AllFlights %>% select(ArrAheadDummy) %>% summarize(perc_ArrAheadDummy = sum(ArrAheadDummy) / n())
##   perc_ArrAheadDummy
## 1          0.6581406

However, PWM beats the national average more dramatically when it comes to flights that are 10 minutes or more early, 55 percent to 42 percent.

AllFlights %>% select(ArrAhead10) %>% summarize(perc_ArrAhead10 = sum(ArrAhead10) / n())
##   perc_ArrAhead10
## 1       0.4207289

For all national ahead-of-schedule flights, we see that American Airlines did 10 percentage points better nationally that it did at PWM. The others do worse, with Jetblue nearly 20 points behind. That helps explain the narrow gap between the PWM and national averages.

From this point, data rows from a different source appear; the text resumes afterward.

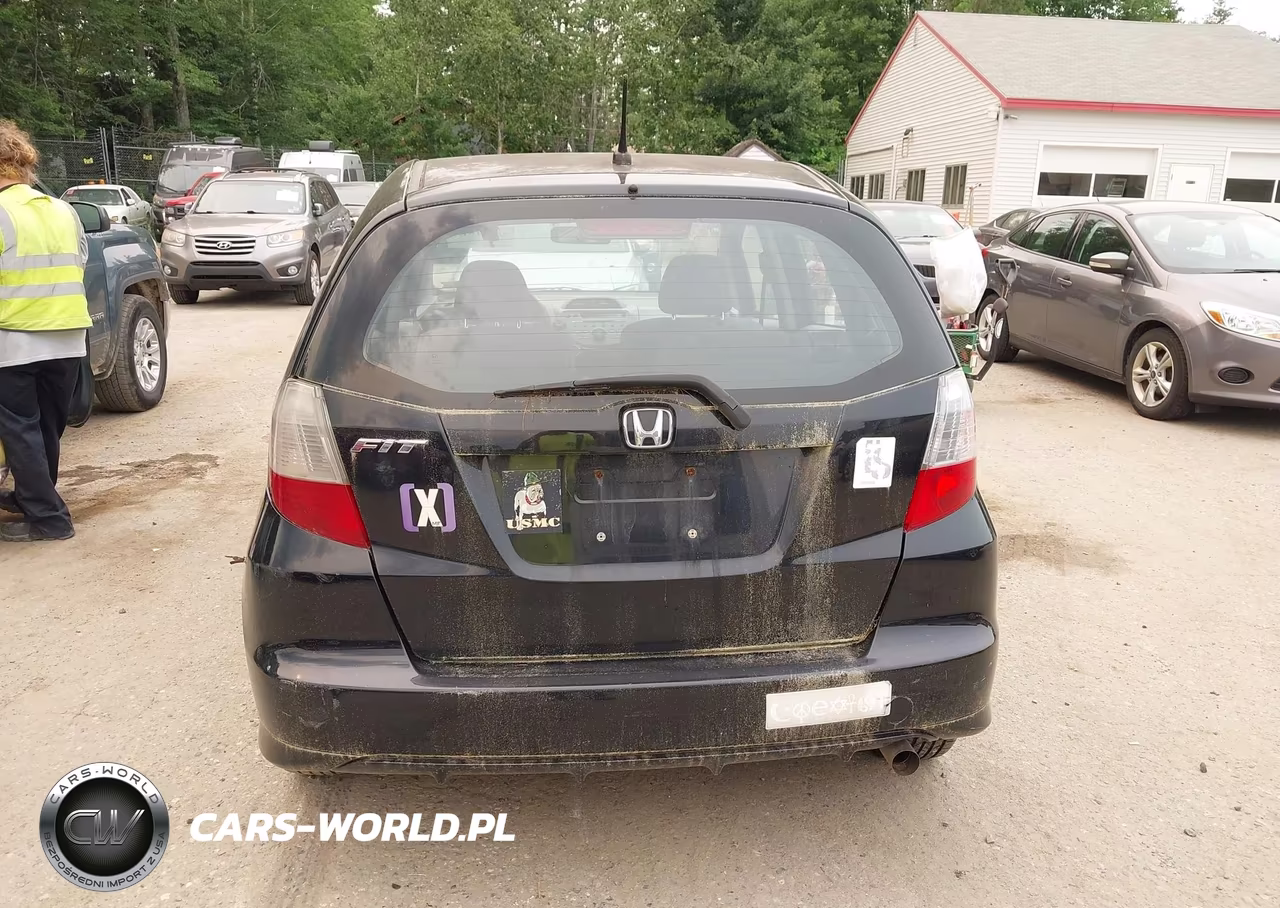 2011 Honda Fit VIN:JHMGE8H35BS001860 - 15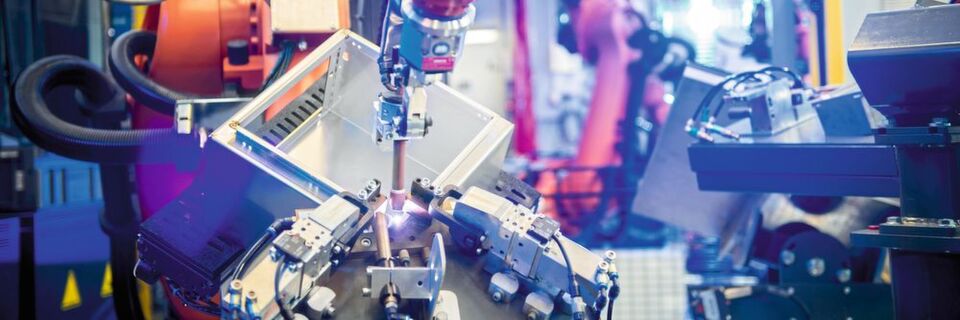 Mit der Roboterfertigung von Gehäusen für Configure to Order kann Weidmüller eine kurzfristige Lieferung von individuell assemblierten Produkten ermöglichen. Mit der Roboterfertigung von Gehäusen für Configure to Order kann Weidmüller eine kurzfristige Lieferung von individuell assemblierten Produkten ermöglichen.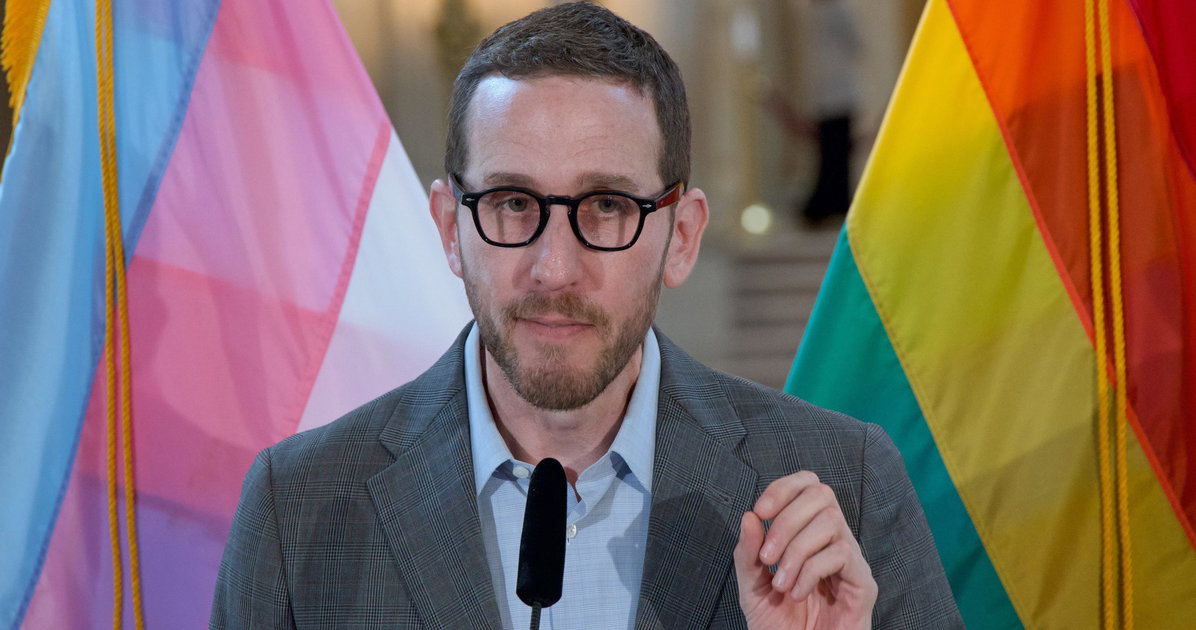 El Tribunal Supremo falló en contra de las prohibiciones de las terapias de conversión. Este demócrata tiene un plan para solucionar este problema.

Q3B <- AllFlights %>% group_by(Carrier) %>% select(ArrAheadDummy) %>% summarize(perc_ArrAheadDummy = sum(ArrAheadDummy) / n())
## Adding missing grouping variables: `Carrier`
kable(Q3B)
Carrier perc_ArrAheadDummy
AA 0.6380059
AS 0.7002711
B6 0.5436132
DL 0.7089688
EV 0.6747676
F9 0.7410943
HA 0.6634769
NK 0.4888620
OO 0.6034969
UA 0.7337173
VX 0.5845151
WN 0.6627029

On flights that arrive more than 10 minutes early, we see that ExpressJet is the only PWM carrier beating the national average, although American Airlines does far better than it does at PWM.

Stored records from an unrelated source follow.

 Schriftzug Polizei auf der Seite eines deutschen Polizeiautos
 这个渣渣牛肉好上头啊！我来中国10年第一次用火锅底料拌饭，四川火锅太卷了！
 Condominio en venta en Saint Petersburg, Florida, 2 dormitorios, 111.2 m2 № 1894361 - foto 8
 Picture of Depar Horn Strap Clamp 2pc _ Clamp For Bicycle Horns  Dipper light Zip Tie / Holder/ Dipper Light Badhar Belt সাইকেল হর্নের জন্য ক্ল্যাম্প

Q3C <- AllFlights %>% group_by(Carrier) %>% select(ArrAhead10) %>% summarize(perc_ArrAhead10 = sum(ArrAhead10) / n())
## Adding missing grouping variables: `Carrier`
kable(Q3C)
Carrier perc_ArrAhead10
AA 0.4078861
AS 0.4659675
B6 0.3574698
DL 0.4795117
EV 0.4468206
F9 0.5565688
HA 0.1990431
NK 0.2793364
OO 0.3769299
UA 0.5553963
VX 0.3553085
WN 0.3789609

Conclusion

The analysis confirms that PWM beat the national average when it comes to both categories of ahead-of-schedule flights in January 2016. Since the data is limited, this could be due to luck or natural variances if the national data is a fair indicator of normal performance from each carrier.